Sharing Common Risk Factors, Pathophysiologic Mechanisms?
What is the relationship between chronic coughing and chronic pain? Is there one? As reported in European Respiratory Journal, they have common neurobiological mechanisms and pathology, and confer risk on each other. In a study of over 7000 subjects, 54% had chronic pain at baseline. Chronic cough, defining as lasting at least 3 months, was noted in 10% to 13% of those with chronic pain. Researchers stated in results that "Subjects with chronic cough had a significant risk of developing chronic pain compared to those without chronic cough."
Chronic pain conditions noted in the study subjects included arthrosis, rheumatoid arthritis, sciatica, ankylosing spondylitis, gout, or an unspecified musculoskeletal condition.
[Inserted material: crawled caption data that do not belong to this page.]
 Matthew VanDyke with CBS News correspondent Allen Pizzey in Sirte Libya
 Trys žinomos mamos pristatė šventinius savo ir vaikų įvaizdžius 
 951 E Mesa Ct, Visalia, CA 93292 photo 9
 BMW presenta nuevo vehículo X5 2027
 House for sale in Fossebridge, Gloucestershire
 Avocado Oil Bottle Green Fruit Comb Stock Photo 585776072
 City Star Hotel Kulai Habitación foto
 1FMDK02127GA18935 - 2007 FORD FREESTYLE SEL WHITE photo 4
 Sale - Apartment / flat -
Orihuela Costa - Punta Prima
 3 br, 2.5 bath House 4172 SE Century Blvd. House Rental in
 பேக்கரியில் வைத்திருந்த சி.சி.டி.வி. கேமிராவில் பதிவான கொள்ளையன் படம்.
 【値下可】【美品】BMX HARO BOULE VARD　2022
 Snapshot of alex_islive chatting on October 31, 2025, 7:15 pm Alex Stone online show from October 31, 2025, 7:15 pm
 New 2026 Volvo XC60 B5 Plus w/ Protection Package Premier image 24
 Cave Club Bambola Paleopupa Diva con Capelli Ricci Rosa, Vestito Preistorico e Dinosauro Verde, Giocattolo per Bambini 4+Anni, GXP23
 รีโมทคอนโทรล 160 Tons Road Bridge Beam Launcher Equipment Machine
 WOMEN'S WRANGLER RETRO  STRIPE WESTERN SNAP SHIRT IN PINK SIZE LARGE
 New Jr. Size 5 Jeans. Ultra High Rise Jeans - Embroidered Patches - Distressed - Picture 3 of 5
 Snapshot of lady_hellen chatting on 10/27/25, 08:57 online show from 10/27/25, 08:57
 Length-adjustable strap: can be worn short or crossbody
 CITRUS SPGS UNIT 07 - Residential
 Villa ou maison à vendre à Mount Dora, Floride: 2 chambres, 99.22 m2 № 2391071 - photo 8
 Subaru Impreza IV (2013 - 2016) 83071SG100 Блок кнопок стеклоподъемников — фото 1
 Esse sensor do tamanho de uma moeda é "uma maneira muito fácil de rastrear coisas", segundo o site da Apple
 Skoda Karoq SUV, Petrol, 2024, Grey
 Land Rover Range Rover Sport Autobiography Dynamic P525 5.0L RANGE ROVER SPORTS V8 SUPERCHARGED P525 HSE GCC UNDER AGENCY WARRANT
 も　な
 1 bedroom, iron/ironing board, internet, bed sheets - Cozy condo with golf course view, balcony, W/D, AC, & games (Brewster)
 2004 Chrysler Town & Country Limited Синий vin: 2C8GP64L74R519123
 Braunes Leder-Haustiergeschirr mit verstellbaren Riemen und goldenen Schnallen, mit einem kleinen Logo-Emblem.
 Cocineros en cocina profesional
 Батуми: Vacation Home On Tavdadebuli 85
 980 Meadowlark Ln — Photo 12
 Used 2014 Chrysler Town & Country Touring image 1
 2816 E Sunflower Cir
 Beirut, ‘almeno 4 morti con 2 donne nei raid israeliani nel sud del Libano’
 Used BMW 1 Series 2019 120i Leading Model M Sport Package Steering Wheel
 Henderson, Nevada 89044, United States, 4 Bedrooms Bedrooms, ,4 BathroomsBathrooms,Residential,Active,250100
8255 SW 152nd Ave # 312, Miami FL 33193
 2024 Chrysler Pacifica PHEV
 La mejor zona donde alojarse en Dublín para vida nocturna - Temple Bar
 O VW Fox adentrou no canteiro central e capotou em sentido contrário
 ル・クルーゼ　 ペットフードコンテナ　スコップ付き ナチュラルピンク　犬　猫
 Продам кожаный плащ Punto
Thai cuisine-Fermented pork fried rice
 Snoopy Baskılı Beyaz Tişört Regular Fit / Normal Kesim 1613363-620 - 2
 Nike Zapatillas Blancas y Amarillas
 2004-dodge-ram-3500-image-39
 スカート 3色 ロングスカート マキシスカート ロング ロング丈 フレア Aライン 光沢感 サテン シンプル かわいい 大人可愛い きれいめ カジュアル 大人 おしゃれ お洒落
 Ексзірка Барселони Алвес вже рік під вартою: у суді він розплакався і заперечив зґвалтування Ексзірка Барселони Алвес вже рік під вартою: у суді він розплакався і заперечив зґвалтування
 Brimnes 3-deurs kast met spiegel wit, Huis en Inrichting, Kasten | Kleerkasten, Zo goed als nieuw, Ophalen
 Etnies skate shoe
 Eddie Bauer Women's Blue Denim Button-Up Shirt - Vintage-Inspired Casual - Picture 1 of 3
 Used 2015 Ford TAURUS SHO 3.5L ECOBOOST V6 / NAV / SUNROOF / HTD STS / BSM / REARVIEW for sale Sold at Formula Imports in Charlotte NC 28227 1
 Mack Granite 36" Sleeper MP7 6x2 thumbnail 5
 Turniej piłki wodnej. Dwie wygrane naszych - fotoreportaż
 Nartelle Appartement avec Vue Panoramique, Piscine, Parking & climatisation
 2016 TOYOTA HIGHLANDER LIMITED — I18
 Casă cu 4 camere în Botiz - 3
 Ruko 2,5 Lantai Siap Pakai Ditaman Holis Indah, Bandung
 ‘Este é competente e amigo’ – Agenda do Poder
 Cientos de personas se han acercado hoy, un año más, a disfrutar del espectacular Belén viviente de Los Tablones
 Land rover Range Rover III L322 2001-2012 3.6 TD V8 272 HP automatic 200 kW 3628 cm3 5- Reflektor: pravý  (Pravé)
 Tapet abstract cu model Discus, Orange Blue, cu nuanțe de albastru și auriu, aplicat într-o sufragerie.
Patients with chronic pain at baseline were more likely to develop unexplained chronic cough compared with those without chronic pain and those with chronic cough at baseline were also significantly more likely to develop chronic pain compared with those without chronic cough. Researchers concluded that "chronic cough and chronic pain are interrelated in middle-aged and older [people], thereby suggesting that both conditions might share common risk factors and/or pathogenic mechanisms. A history of chronic pain may be relevant in the clinical evaluation of patients presenting with chronic cough and vice versa.” Further studies are called for.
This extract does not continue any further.